Assumed to comprise a "distinct" and "foreign body" within the Coffin
Texts, these long-lived spells were "reserved for later" (p. xi). After
a lapse of forty years, a formally renewed Coffin Texts Project was
authorised by the Director of the Oriental Institute in 2001, with the
goal of completing the Oriental Institute's outstanding commitments. The
translation volume once envisioned and entrusted to Tjalling Bruinsma
had been rendered unnecessary by the publications of Robert O. Faulkner
in 1969 ( Pyramid Texts ) and 1973-1978 ( Coffin Texts ), which serve to
engage scholars and laymen alike. Glossaries, bibliographies, symposia,
and detailed textual studies appeared, but the critical edition of
Middle Kingdom Pyramid Texts remained unaccomplished. By careful
examination of the Oriental Institute's original collation sheets and
unpublished sources from Lisht, James P. Allen, after years of
concentrated study, has now fulfilled the task admirably. It is hoped
that the new edition stimulates discussion not only of the longevity of
the Pyramid Texts, but of the nature of the Coffin Texts themselves.
While Breasted insisted that the Pyramid Texts were "sharply
distinguished" from the Coffin Texts, the frequent appearance of
"Pyramid Texts" on coffins (among the narrowly defined "Coffin Texts")

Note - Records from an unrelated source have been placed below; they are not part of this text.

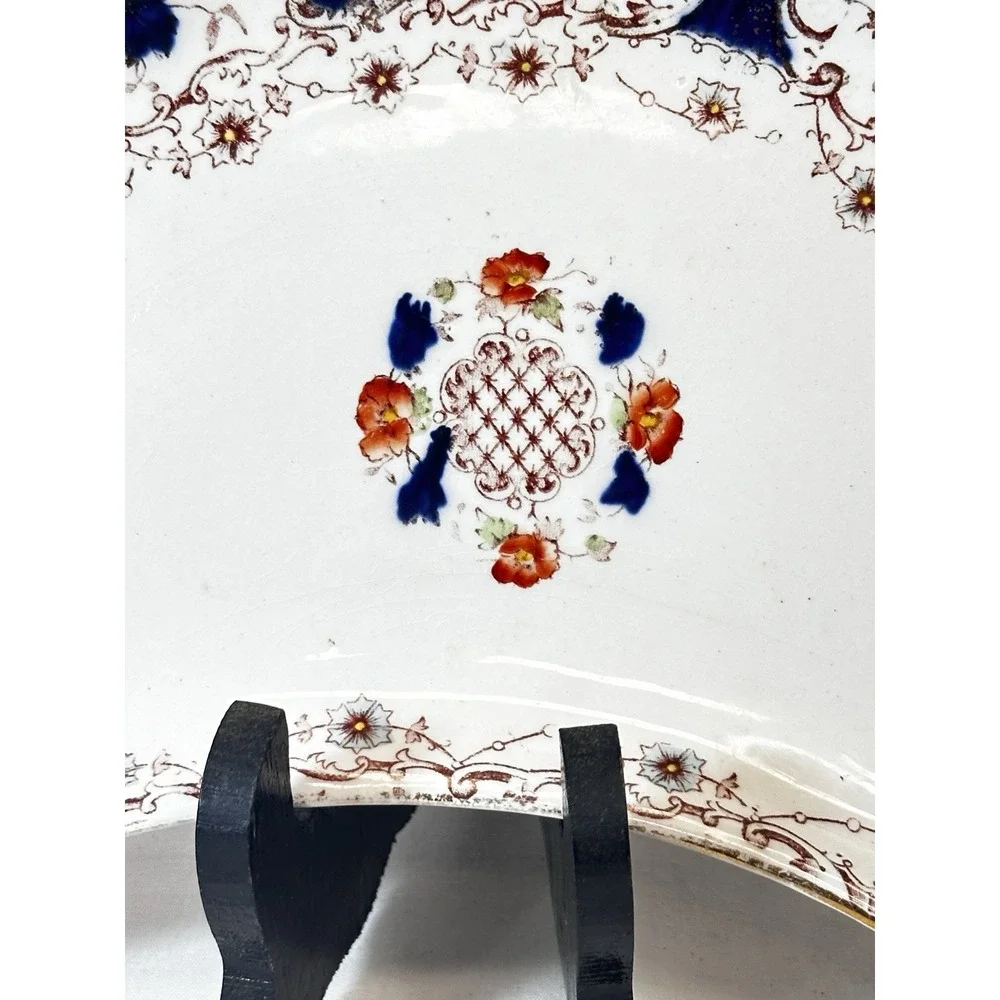 Westbourne England Porcelain Bone Plate Imari Pattern Platter Antique C‎ 1800's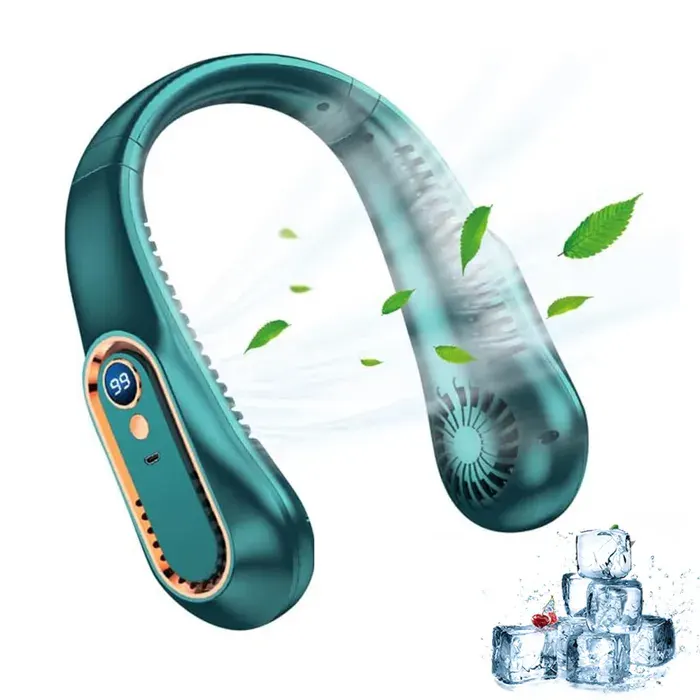 Ventilateur de Cou PortableVentilateur USB RechargeableVentilateur Silencieux sans Pale 5Vitessespour Bureau Sport Voyage Camping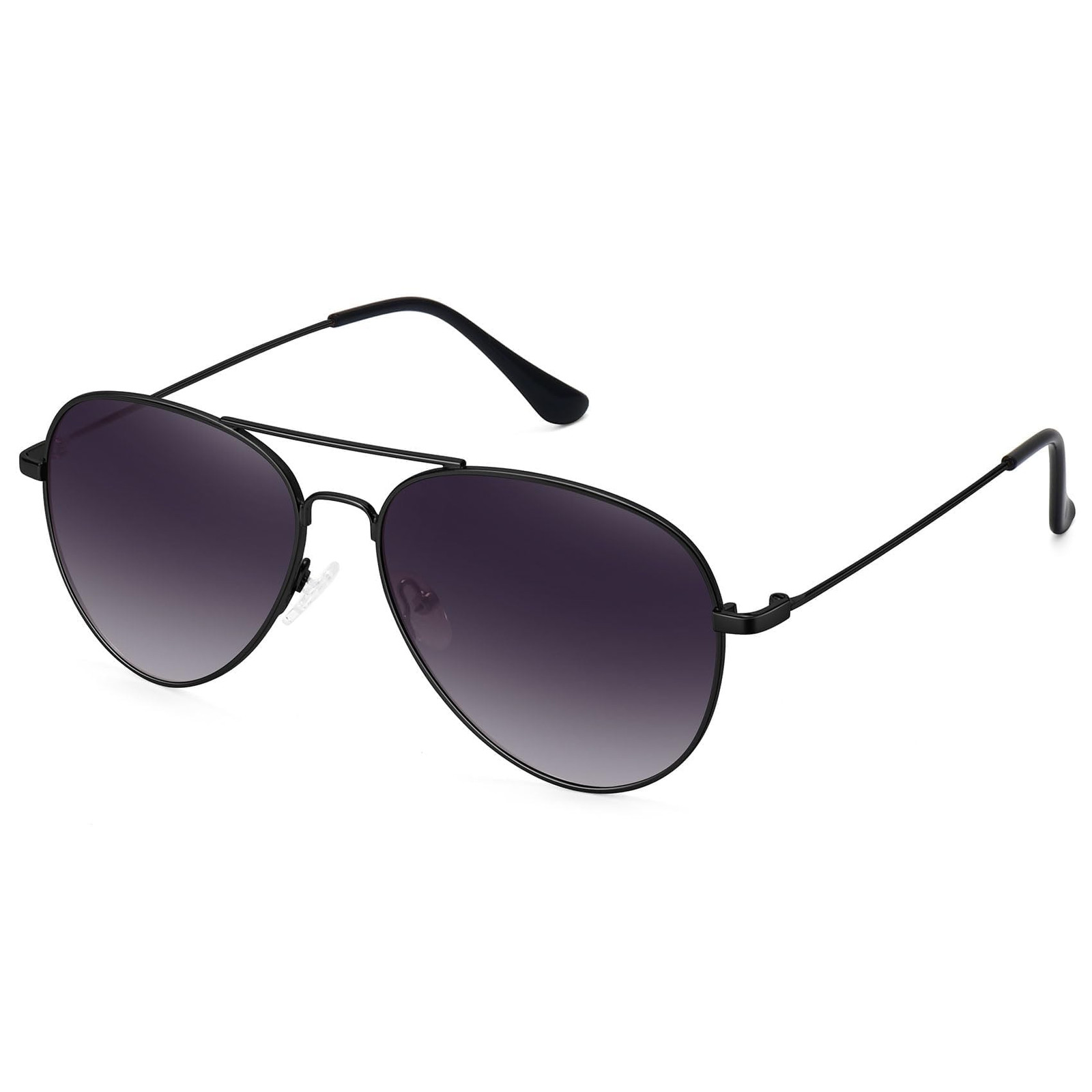 Classic Polarized Aviator Sunglasses for Women Men (Black Frame Grey Lens)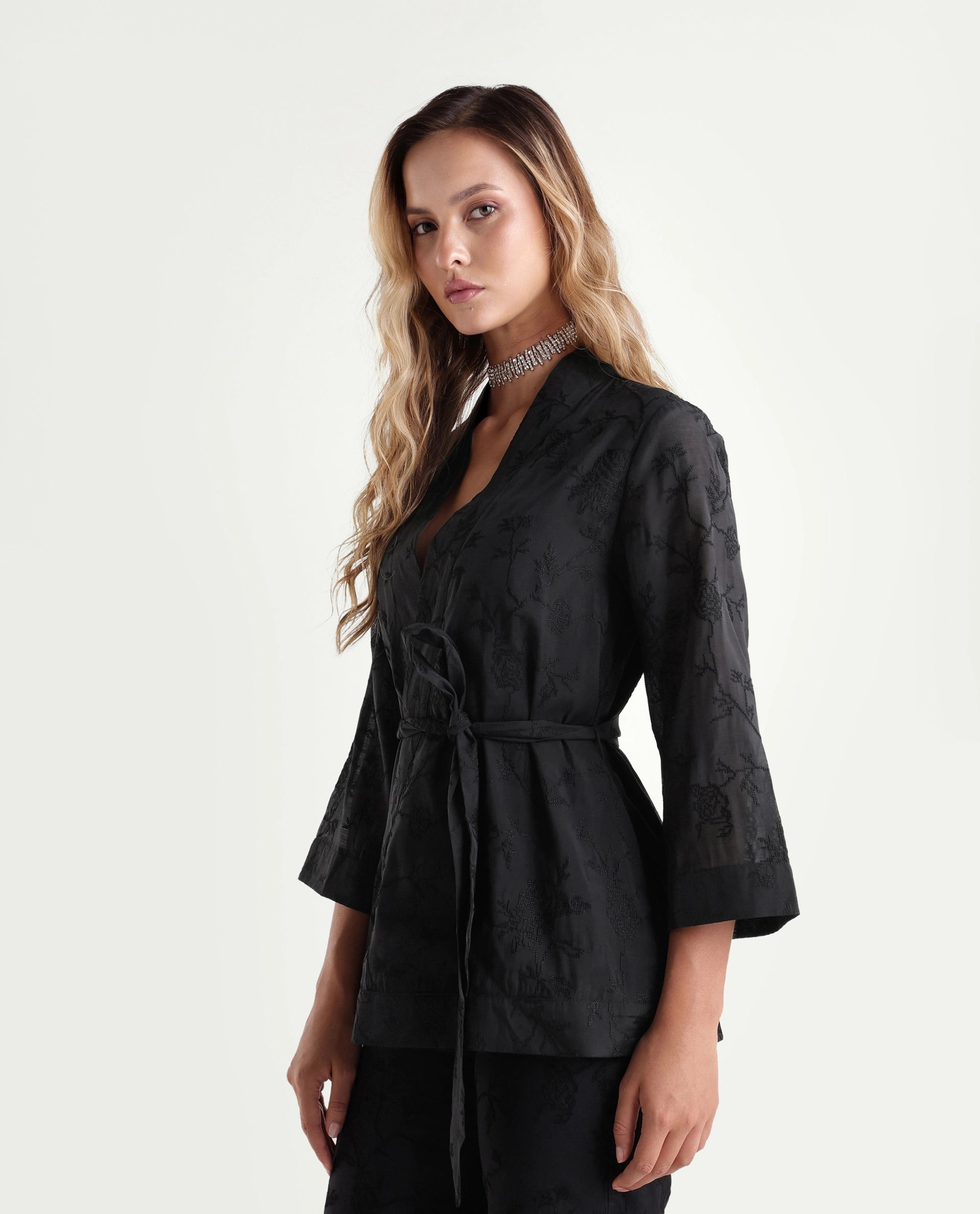 Rareism Women's Tezo-T Black Jacquard Viscose Wrap Three Quarter Sleeve Shrug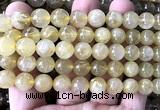 CRU1104 15 inches 10mm round golden rutilated quartz beads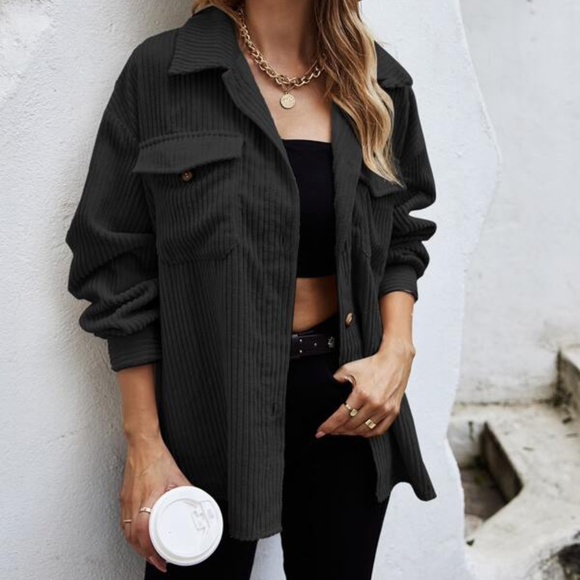 Cozy Brown Pocket Oversized Corduroy Jacket Shacket - Picture 12 of 13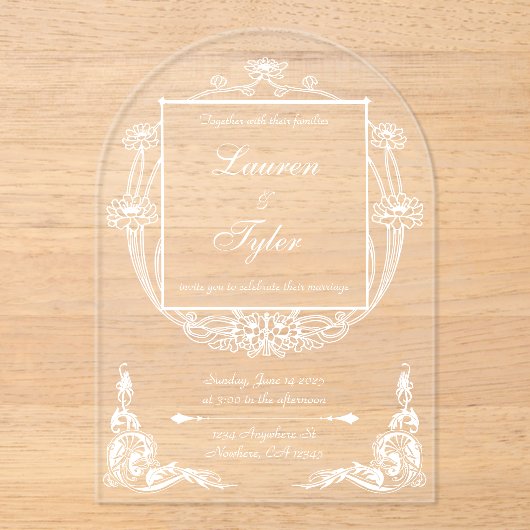 Faire-part de mariage Art Nouveau sur Acrylique Cl (Recto)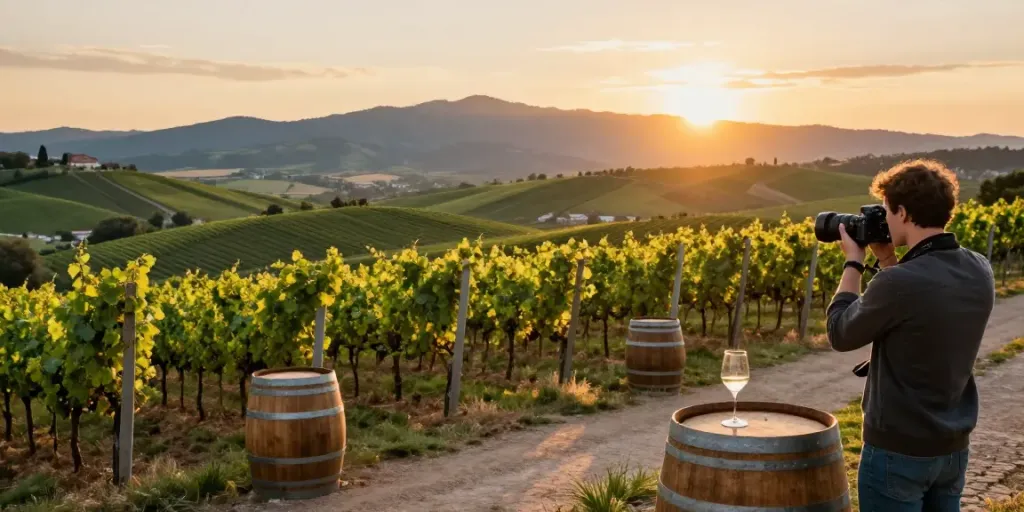 Malerische Weinregionen mit Weinreben im Sonnenuntergang und einem Fotografen.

leaves this opinion open to question. Ironically, the one coffin
acquired in Chicago by Breasted for study by the Coffin Texts Project
(OIM 12072) contained only "Pyramid Texts" and was therefore excluded
from the initial seven volumes. Now at last these Middle Kingdom texts
on a coffin can be examined among the "Coffin Texts" (Robert K. Ritner,
Director, The Egyptian Coffin Texts Project, 2001-05).